Structure: There are no main speakers. Participants are expected -but not obliged- to contribute to the following: 

  1. Discuss the solutions to the problems and leftover questions/points from the previous meetings
  2. Discuss current week's reading:
    • Questions/Objections to points raised by the authors
    • Clarifications of points that we understand, but they are written obscurely
    • Highlighting points we deem important and why we consider them as such

Suggested readings:  These are readings that are mentioned during our meetings or that are relevant to the topics raised. Feel free to contribute to the list. 

  • Alternative semantics for causal inference seemingly more intuitive for statistics/economics:   
    Dawid, Philip. 2021. "Decision-theoretic foundations for statistical causality." Journal of Causal Inference 9 (1): 39-77. https://doi.org/10.1515/jci-2020-0008
  • Intersections among algorithmic information, physics, and causality:
    Janzing, Dominik, Rafael Chaves, and Bernhard Schölkopf. 2016. "Algorithmic independence of initial condition and dynamical law in thermodynamics and causal inference." New Journal of Physics 18 (9):  093052. https://doi.org/10.1088/1367-2630/18/9/093052
  • Connections between structural causal models and physical models:  
    Mooij, Joris M., Dominik Janzing, and Bernhard Scholkopf. 2013. “From Ordinary Differential Equations to Structural Causal Models: The Deterministic Case.” In Proceedings of the Twenty-Ninth Conference on Uncertainty in Artificial Intelligence,440–448. UAI’13. Bellevue, WA: AUAI Press. [pdf]

Background Readings: Literature that may help you comprehend better the biweekly readings.

  • James, Gareth, Daniela Witten, Trevor Hastie, and Robert Tibshirani. 2021. An introduction to statistical learning: with applications in R. 2nd ed. Springer. [1st edition - free download]
  • Pearl, Judea. 2009. Causality. 2nd ed. Cambridge: Cambridge University Press. doi:10.1017/CBO9780511803161.
  • Pearl, Judea, Madelyn Glymour, and Nicholas P. Jewell. 2016. Causal Inference in Statistics. Wiley. 

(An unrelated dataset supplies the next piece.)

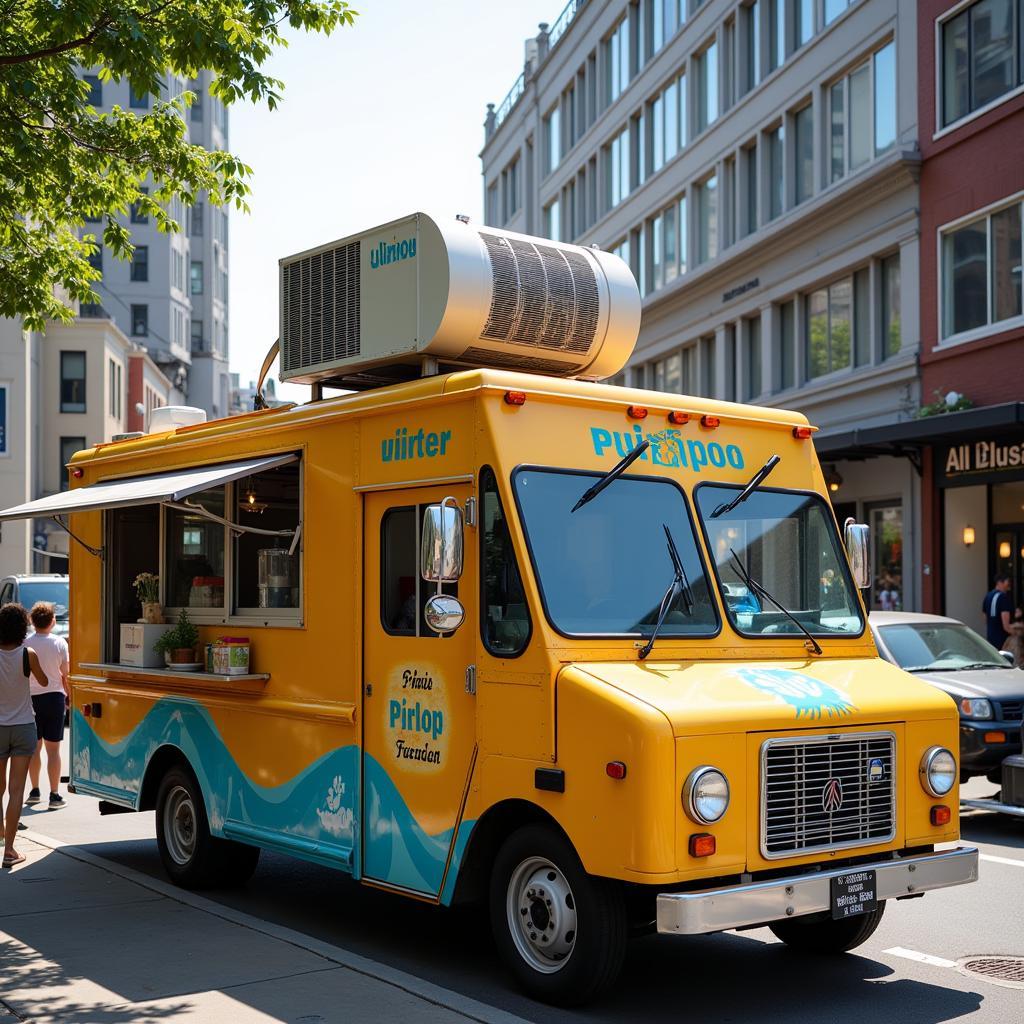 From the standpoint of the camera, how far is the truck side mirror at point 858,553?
768cm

 For any questions, contact Evan.

Previous meetings 

Monday 08 November 2021, 13:00-14:00

  • Peters, Jonas, Dominik Janzing, and Bernhard Schölkopf (2017), Elements of Causal Inference: Foundations and Learning Algorithms: Chapters 1,2,3.  [pdf]

Monday 17 May 2021, 13:00 - 14:00

  • Benjamin Rottman & Reid Hastie (2016), Do people reason rationally about causally related events? Markov violations, weak inferences, and failures of explaining away [pdf] [doi]

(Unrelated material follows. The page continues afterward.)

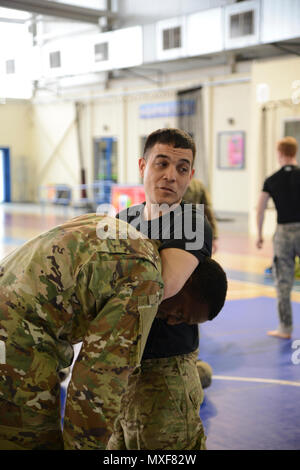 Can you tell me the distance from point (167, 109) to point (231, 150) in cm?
321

Monday 3 May 2021, 15:00 - 16:00

  • Joshua Tenebaum (1999), Bayesian modeling of human concept learning [pdf]
  • Joshua Tenebaum (2000), Rules and similarity in concept learning [pdf]

Monday 19 April 2021, 12:30 - 13:30

Monday 29 March 2021, 15:30 - 16:30

  • Skovgaard-Olsen, Stephan & Waldmann (preprint), Conditionals and the Hierarchy of Causal Queries [pdf]

Monday 15 March 2021, 10:00 - 11:30

  • Talk by Niels Skovgaard-Olsen (Göttingen), Conditionals and the hierarchy of causal queries. For more information please click here.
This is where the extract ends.